Budgeting With a Silent Partner


My husband is a man of few words. Compliments from him come few and far between, so when they do, they mean a lot. 

I’ve been budgeting with YNAB for almost three years, and I’m not sure you could say he ever really got “on board.” He goes along with the budget but he’s never actually sat down with me to look at it. He earns three-quarters of our family income, but I’m the one who handles all the finances — and all the budgeting.

Sunday morning our 28-year-old nephew dropped in for coffee. He got talking about the expense of raising a young family and I — as I do at the slightest opportunity — mentioned YNAB.
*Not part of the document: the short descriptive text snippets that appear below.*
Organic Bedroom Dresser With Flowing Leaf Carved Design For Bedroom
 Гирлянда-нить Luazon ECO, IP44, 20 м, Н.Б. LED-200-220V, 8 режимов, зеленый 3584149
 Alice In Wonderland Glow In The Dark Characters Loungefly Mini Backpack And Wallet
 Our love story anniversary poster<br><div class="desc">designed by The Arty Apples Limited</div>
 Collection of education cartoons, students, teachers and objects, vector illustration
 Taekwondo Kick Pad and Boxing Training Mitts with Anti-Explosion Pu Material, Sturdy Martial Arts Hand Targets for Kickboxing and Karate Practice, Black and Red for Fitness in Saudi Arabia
He showed no recognition of, or interest in, this “why-nab” thing and moved on to talking about his son. But my husband, who was at that moment frying an egg, said, “Yeah, that budgeting program Jesse uses is pretty good. It’s probably the best thing she’s ever done for us.”

What?

He wasn’t looking at me so he must have heard the thunk — the sound of my jaw dropping — because he added, “I never say that out loud because, well, I’m not good with that kind of thing, but we’ve paid off — what — almost $30,000 in debt?”

I was speechless.

It wasn’t just that he had paid me a rare unsolicited compliment. It was that I realized that, though he had never shown any interest in the budget, he had been paying attention.

Keep in mind: This is the same man who, when I had first told him about YNAB three years ago, had insisted that our debt was so overwhelming that no amount of penny-pinching would make a difference, so why bother?

Back then, I didn’t have YNAB blogger Annie’s 7 Steps for Getting Your Spouse on Board. My strategy then was simply to budget without him. I casually mentioned every budget success, from our rising bank balance to bills paid early, and hoped he was listening.

The Turning Point

A couple of months in, I suggested that we go out to dinner. When he said, in his most sarcastic voice, “Oh, no. We’re on a budget, remember? We can’t eat out anymore,” I was able to say, “Actually, the budget is the reason we can. I’ve saved up $75 in the meals category.”

As I recall, he responded with something insightful like “Harumph,” but I think he got the message: The budget was more than just a Suffer-While-You-Put-Every-Dollar-Toward-Debt-for-the Next-30-Years mechanism.

These days, he occasionally asks me how much we have in this category or that and, when asked, will offer his general opinion on what he considers priorities.

I don’t think he’ll ever want to be more than a silent partner in the budgeting process. But at least now I know, though he rarely says so, he’s all for it.